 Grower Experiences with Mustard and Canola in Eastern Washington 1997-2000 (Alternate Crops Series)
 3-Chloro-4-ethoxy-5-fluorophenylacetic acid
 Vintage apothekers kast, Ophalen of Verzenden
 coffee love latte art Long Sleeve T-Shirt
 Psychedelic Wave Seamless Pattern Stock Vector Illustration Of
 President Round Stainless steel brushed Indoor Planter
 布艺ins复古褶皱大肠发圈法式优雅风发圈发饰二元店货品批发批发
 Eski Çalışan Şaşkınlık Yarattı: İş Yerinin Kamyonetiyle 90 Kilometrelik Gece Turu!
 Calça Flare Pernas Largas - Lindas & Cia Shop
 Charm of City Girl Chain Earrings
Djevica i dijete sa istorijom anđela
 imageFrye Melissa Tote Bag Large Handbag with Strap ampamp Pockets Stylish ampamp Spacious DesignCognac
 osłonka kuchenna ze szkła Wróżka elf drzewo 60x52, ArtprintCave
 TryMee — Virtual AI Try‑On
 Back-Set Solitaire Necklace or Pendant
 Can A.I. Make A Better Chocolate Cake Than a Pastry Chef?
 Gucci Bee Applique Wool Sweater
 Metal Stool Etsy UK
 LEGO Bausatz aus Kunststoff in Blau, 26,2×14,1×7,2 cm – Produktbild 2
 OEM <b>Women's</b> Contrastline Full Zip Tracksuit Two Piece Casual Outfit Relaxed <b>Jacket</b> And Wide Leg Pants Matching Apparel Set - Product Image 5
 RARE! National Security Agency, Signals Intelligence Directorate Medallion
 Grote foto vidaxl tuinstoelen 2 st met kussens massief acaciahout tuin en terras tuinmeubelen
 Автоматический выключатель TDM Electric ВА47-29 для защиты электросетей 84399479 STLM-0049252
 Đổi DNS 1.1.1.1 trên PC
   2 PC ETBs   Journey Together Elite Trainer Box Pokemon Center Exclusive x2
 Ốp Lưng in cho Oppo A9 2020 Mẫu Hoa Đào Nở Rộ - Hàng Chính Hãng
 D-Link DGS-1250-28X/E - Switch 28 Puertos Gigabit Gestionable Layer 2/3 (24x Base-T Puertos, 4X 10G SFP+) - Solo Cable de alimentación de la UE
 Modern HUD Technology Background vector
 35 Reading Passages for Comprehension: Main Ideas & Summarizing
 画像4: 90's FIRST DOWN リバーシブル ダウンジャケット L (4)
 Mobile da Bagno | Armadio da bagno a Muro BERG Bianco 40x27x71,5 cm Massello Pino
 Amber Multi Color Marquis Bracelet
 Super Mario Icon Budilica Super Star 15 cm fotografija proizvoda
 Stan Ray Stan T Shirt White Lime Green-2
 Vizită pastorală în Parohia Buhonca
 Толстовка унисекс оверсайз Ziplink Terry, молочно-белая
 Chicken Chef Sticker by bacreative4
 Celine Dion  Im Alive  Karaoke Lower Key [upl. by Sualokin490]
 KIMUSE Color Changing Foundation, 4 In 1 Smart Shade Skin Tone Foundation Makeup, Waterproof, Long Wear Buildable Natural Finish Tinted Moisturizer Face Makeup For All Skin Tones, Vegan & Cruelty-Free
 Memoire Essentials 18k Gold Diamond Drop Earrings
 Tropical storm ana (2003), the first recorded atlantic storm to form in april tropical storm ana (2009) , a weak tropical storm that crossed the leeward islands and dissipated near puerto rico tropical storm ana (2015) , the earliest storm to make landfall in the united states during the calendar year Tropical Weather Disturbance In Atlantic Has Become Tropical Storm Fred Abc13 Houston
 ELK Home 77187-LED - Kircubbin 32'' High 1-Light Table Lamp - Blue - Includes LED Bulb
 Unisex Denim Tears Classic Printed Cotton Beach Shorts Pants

• [ACTIVITY]: The answer is the run of lines above from the line containing "LEGO Bausatz aus" through the line containing "Memoire Essentials 18k", copied exactly and alone.

• [YOUR RESPONSE]:
 LEGO Bausatz aus Kunststoff in Blau, 26,2×14,1×7,2 cm – Produktbild 2
 OEM <b>Women's</b> Contrastline Full Zip Tracksuit Two Piece Casual Outfit Relaxed <b>Jacket</b> And Wide Leg Pants Matching Apparel Set - Product Image 5
 RARE! National Security Agency, Signals Intelligence Directorate Medallion
 Grote foto vidaxl tuinstoelen 2 st met kussens massief acaciahout tuin en terras tuinmeubelen
 Автоматический выключатель TDM Electric ВА47-29 для защиты электросетей 84399479 STLM-0049252
 Đổi DNS 1.1.1.1 trên PC
   2 PC ETBs   Journey Together Elite Trainer Box Pokemon Center Exclusive x2
 Ốp Lưng in cho Oppo A9 2020 Mẫu Hoa Đào Nở Rộ - Hàng Chính Hãng
 D-Link DGS-1250-28X/E - Switch 28 Puertos Gigabit Gestionable Layer 2/3 (24x Base-T Puertos, 4X 10G SFP+) - Solo Cable de alimentación de la UE
 Modern HUD Technology Background vector
 35 Reading Passages for Comprehension: Main Ideas & Summarizing
 画像4: 90's FIRST DOWN リバーシブル ダウンジャケット L (4)
 Mobile da Bagno | Armadio da bagno a Muro BERG Bianco 40x27x71,5 cm Massello Pino
 Amber Multi Color Marquis Bracelet
 Super Mario Icon Budilica Super Star 15 cm fotografija proizvoda
 Stan Ray Stan T Shirt White Lime Green-2
 Vizită pastorală în Parohia Buhonca
 Толстовка унисекс оверсайз Ziplink Terry, молочно-белая
 Chicken Chef Sticker by bacreative4
 Celine Dion  Im Alive  Karaoke Lower Key [upl. by Sualokin490]
 KIMUSE Color Changing Foundation, 4 In 1 Smart Shade Skin Tone Foundation Makeup, Waterproof, Long Wear Buildable Natural Finish Tinted Moisturizer Face Makeup For All Skin Tones, Vegan & Cruelty-Free
 Memoire Essentials 18k Gold Diamond Drop Earrings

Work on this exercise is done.